Kissing someone doesn’t mean you know them.
I wander out of the room. The buses’ll be here in a few minutes. Pres vanishes when other people are around.
I turn the corner, nearly bang into Levi.
“Joy.” His expression’s weird. “I was looking for you.”
“I forgot your sweatshirt at home,” I say, tired. “I’ll bring it tomorrow.”
“It’s not that. I looked in my locker.”
“For your sweatshirt?”
He holds up a grainy printer-paper black-and-white copy of—
No. No, how?
“You were so messed up yesterday, and I didn’t even know for sure what I saw . . .” He kind of hugs himself. “But this photo I found in my locker—it was in your bag yesterday, wasn’t it?”
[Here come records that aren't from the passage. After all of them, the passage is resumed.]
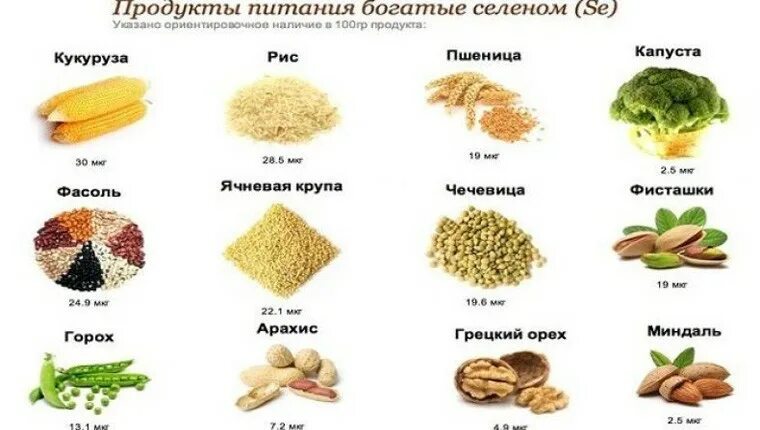 В каких содержится селен. Продукты питания содержащие селен. источники селена в продуктах питания таблица. пищевые источники селена. продукты богатые селеном таблица.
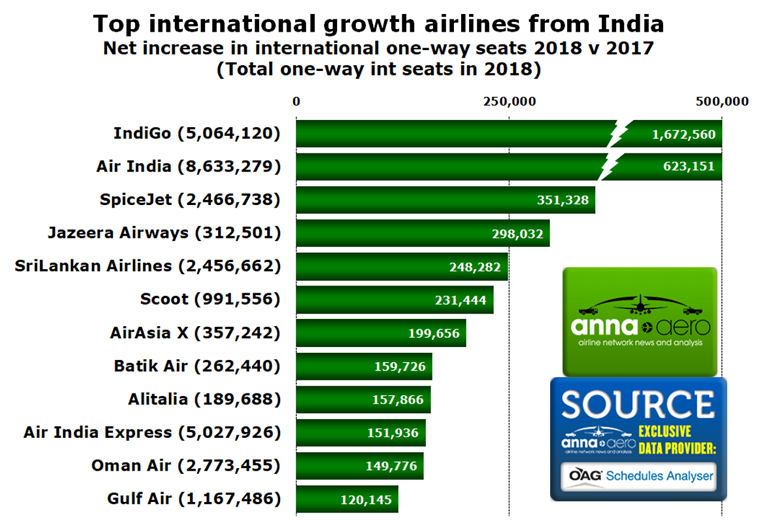 India, international airline growth
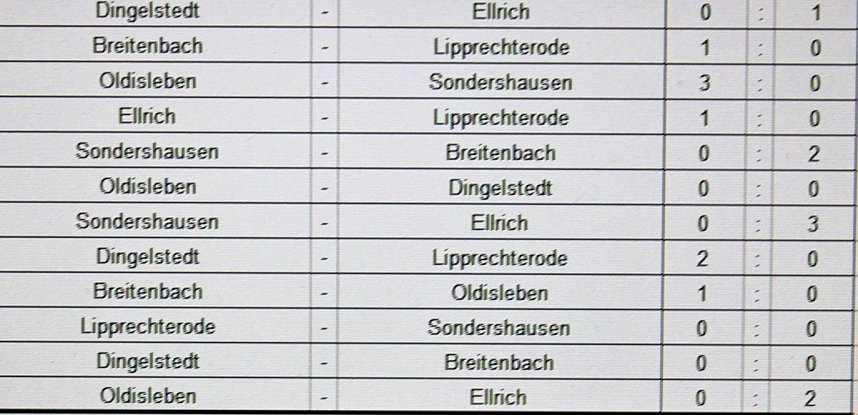 Kreismeister im Futsal ermittelt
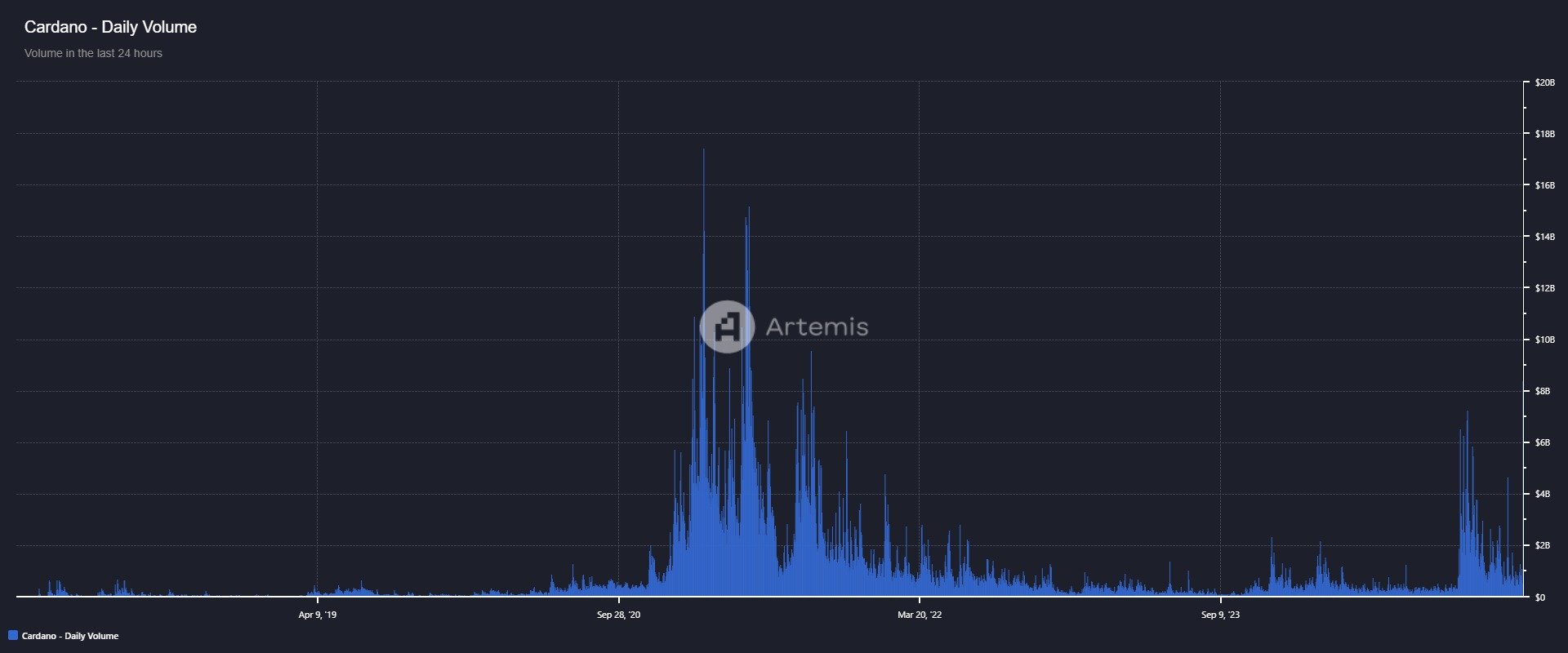 Cardano trading volume chart. Source: Artemis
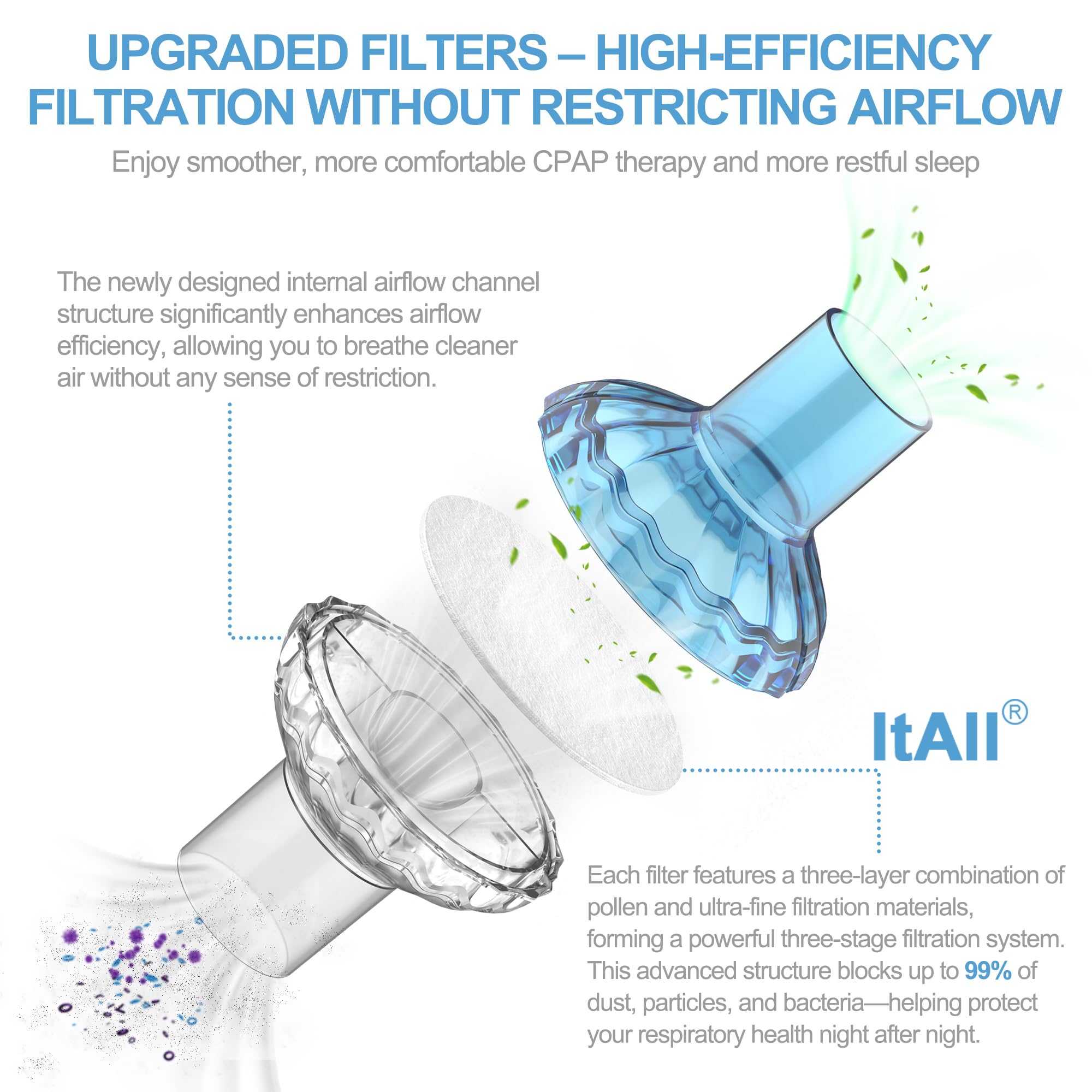 ItAll filtre CPAP haute efficacité pour une filtration fiable et confortable.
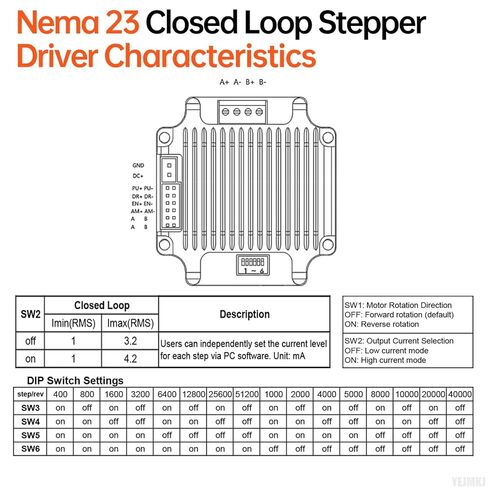 Nema 23 Closed Loop Stepper Motor with Integrated Closed Loop Stepper Driver 1.8‌°‌ 2 Phase High Torque 1.1Nm(155.77oz·in) Bipolar 4.0A 0.45Ω 73mm Cable 0.3M for CNC Mill Lathe in Kuwait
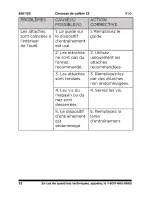 Предварительный просмотр 60 страницы pro.point 8561193 User Manual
I wrench open my backpack, find the envelope, grope for the edges of the photos and count. One’s missing.
Preston. He took one last night, he made copies. He was so afraid I wouldn’t do it.
How long would it take to slip one through the slats of every locker in the school?
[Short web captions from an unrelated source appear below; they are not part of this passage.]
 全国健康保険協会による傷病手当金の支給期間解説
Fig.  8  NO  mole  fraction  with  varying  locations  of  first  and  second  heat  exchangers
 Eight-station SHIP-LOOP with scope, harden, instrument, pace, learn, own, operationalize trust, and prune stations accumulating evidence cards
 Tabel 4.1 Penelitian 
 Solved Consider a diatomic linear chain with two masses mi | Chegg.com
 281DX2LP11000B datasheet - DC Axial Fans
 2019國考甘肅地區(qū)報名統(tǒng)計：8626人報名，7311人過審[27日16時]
“This is the principal. Is this real?” Levi holds the copy away like it’s poisonous. “Did you put this in my locker?”
I can’t speak, can’t move.
Upstairs: the echo of the bus arrival stampede, everyone piling inside, shedding jackets. I start to walk, run. Have to find Savannah, have to get her out of the school—
“Joy?” he asks, but I’m down the hall, fighting through the masses.
And then a hundred locker doors open at once.
FIVE
June 30
Grace
“ONE STRAWBERRY SOFT SERVE, ONE VANILLA with rainbow sprinkles.” Joy glances at me eagerly.
One childhood, two children: extra large ice-cream cones. Strawberry for her. Vanilla for me. “I don’t want one.”
“Grace, seriously. Stop it. You’re not fat.”
Which is something people always say to confirm that, yes, being fat is as bad as you think it is.
“One small,” I tell the girl behind the counter.